Australian rules footballer

Lisa Steane (born 21 January 1995) is an Australian rules footballer who played for West Coast in the AFL Women's (AFLW) and Subiaco in the WAFL Women's. She previously played for Sydney and Greater Western Sydney.

==Early life==
Steane was born and raised in Nelson Bay, New South Wales. She played her junior football with the Nelson Bay Football Club in the AFL Hunter Central Coast competition. She moved to Sydney to pursue her dream to play AFLW, where she was a primary school teacher before being drafted.

==AFLW career==
In October 2019, Steane joined Greater Western Sydney. In May 2022, Steane joined expansion club and rival club Sydney. In August, she was named in the Swans' inaugural AFLW leadership group before playing 8 games in their first season.
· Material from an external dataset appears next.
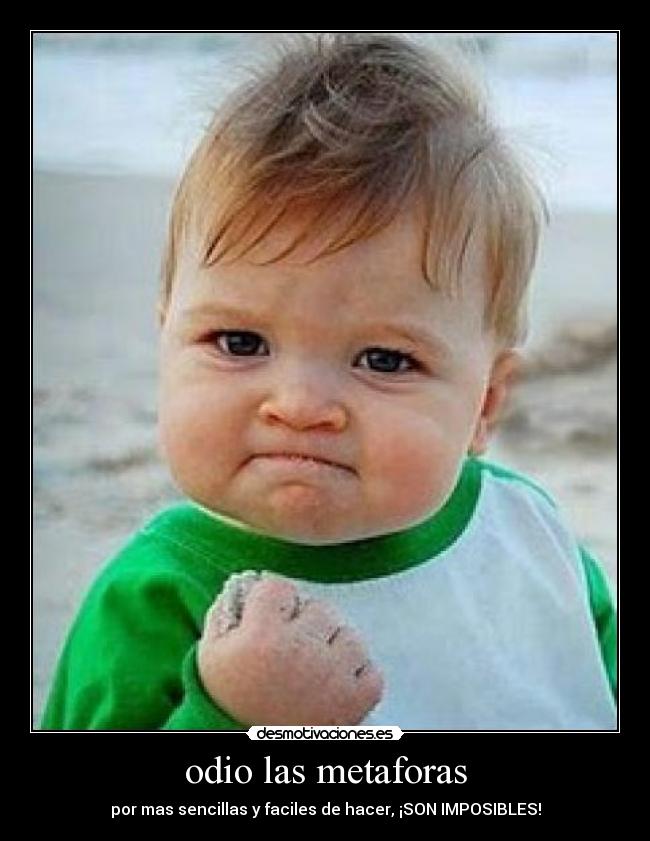 odio las metaforas - por mas sencillas y faciles de hacer, ¡SON IMPOSIBLES!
Steane cemented her position on the wing in 2023, playing all 12 games for the season. She played a key role in Sydney's maiden AFLW final with 19 disposals and 5 tackles in the 17-point win over Gold Coast.
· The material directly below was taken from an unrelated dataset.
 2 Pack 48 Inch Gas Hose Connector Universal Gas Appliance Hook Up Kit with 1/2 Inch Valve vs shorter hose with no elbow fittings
In 2025 Steane moved to Perth with her partner Bella Smith, who had been traded to Fremantle. She played for Subiaco in the WAFL Women's league. She was selected to represent Western Australia against South Australia in May 2025 winning the best player medal.
In September 2025, Steane was called up as a top up player by West Coast when two players withdrew due to illness.